The rage within
‘Fire’ – The first of the Elements Trilogy and one of the movies in my ever impending list for very long time turned out to be just the film I wanted to watch. Indian films which are spoken in English are always a charm. Many call it unnatural but I claim it to be the most natural way of writing. The writers who are more comfortable in writing in English tend to get the best out of their film by making it in English because they tend to think in English. Only when they forcefully want to turn it to the regional language to get rooted flavor, it spoils the original essence.

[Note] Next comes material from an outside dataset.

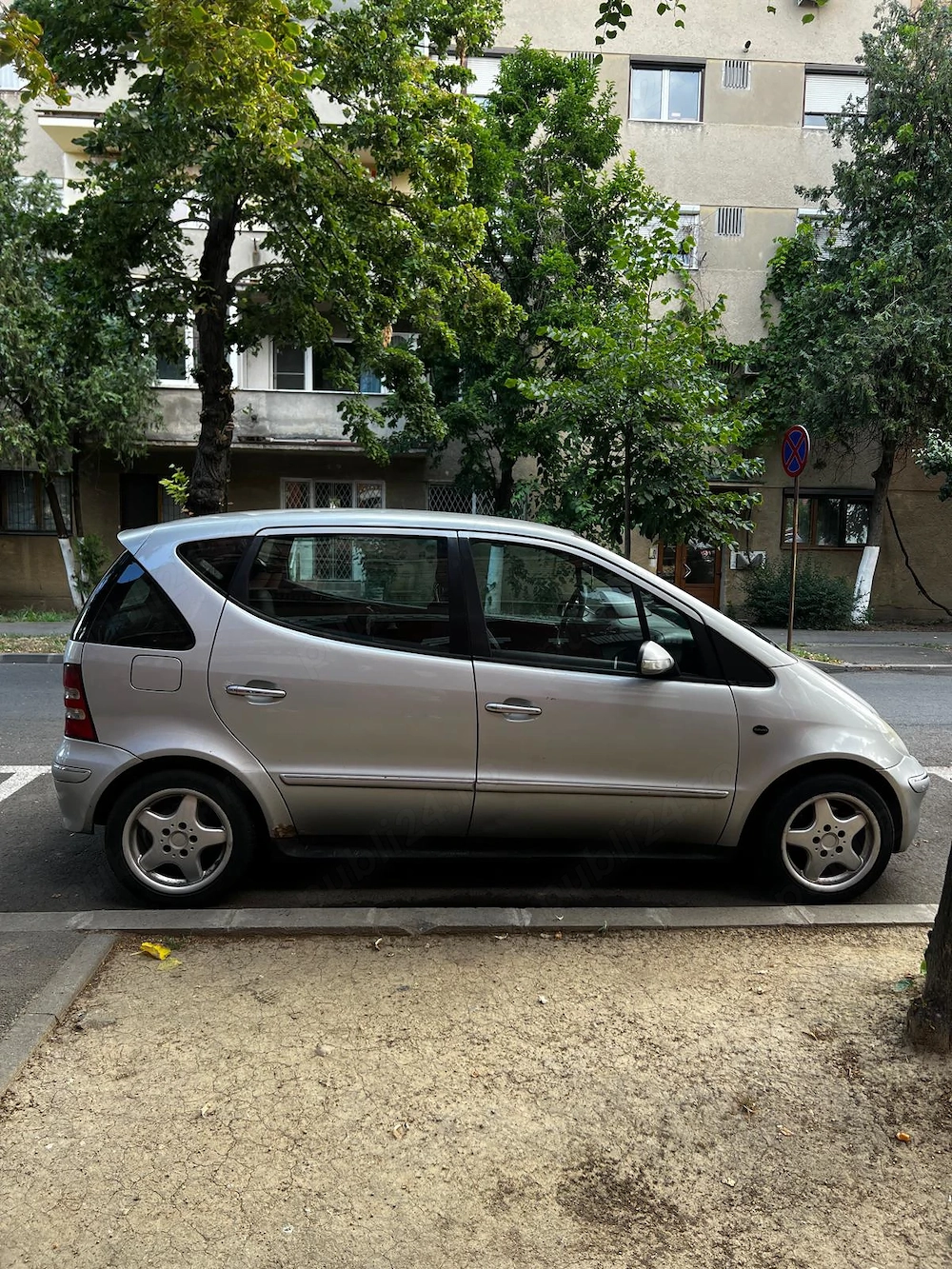 Vând Mercedes A170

You could watch this film just for the characters. It’s best if you don’t know anything about the film. If you’re reading this after watching the film you can echo my exact thoughts. The film is about two ladies and what they become because of the men, their men. But it’s not just the central characters who are appealing but the extended family of the grandma and the “faithful servant” as he calls himself who is both funny and horrific in nature. The way each of their actions affect others and how it impacts us forms the crux of the film.
I wonder how much time it would take for people who don’t know about the film to know that it’s a film about homosexuality. I think it’d be immediate, there is a teasing tone in the film, even before the main stars enter, which makes us feel they’re going to talk about something not regular. We could confirm it pretty much in the scenes to follow.
The film begins with Sita (Nandita Das) and Jatin (Javed Jaffrey) at some weird place. Only after few minutes and cross shifting of the frame we get to know that it’s Taj Mahal. It was an interesting angle. We get to know that Sita and Jatin are newly married and Jatin isn’t interested in marriage. The disappointed face of Sita stings us immediately and we get to sympathize with her. But she’s not one of those women who’d sit and sulk. She’s a dreamer, a happy go lucky girl who’d be happy no matter what.
In my most favorite scene of the film where she dances in denim and blouse and comes out to Biji (Kushal Rekhi), runs back again in embarrassment because she was not attired in a shawl and again dances and laughs, defines a character. To have seen Nandita Das in so many serious roles and as a Tamilian, being familiar with her role in Kannathil Muthamittal, more than anything else. It was fun to see a young and joyous Nandita Das, who would become everyone’s crush immediately. And damn, how hot was she. But sadly not for Jatin.
Jatin has an affair with an Asian girl, Julie (Alice Poon) and Radha’s (Shabana Azmi) husband, Ashok (Kulbhushan Kharbanda) has an affair with Swamiji (Ram Gopal Bajaj), not really an affair but you know what I mean. The fact that they were so powerless to do anything for that was shown so simply yet with so much cruelty. Sita doesn’t even react, it was curious but that’s Sita, you can’t really predict her but Radha has to undergo much more because of Ashok’s act to make her help him to achieve godly status.
It’s Sita who makes a move against Radha, rightly so. I guess it’s the only lesbian film where the actual love making scenes were happy than being a turn on. All other films would have a serious tone to it and would go completely silent around the scene. May be that’s what makes the film special, that we could feel the happiness of Sita rather than being a liberation. Simply put, the film’s love making sequence was a joyous act rather than being a protest or an achievement. It was one of the, or the only movie where I was not looking forward to actual sex scenes but them having a flirty affair. The smiles were killing and would make anyone fall in love with them. It didn’t even feel like seduction. They felt like school kids who had crush on each other. Such in genuine act.
Given a film which was this serious, yet not so serious, it was Mundu (Ranjit Chowdhry) who provides the comic relief, if seen in ‘American Pie’ view or the most horrific act if seen as a part of family. The scene was both shocking and funny. It was indeed he who finds about the relationship between the sister-in-law’s and helps the film to a conclusion. Such a cruel character, something on the lines of what Nawazuddin Siddiqui did in ‘Badlapur’, a man with no remorse.
The films conclusion looked a little forced with literal fire and the rain cooling them down but it was okay, the film achieved what it wanted to, much before that.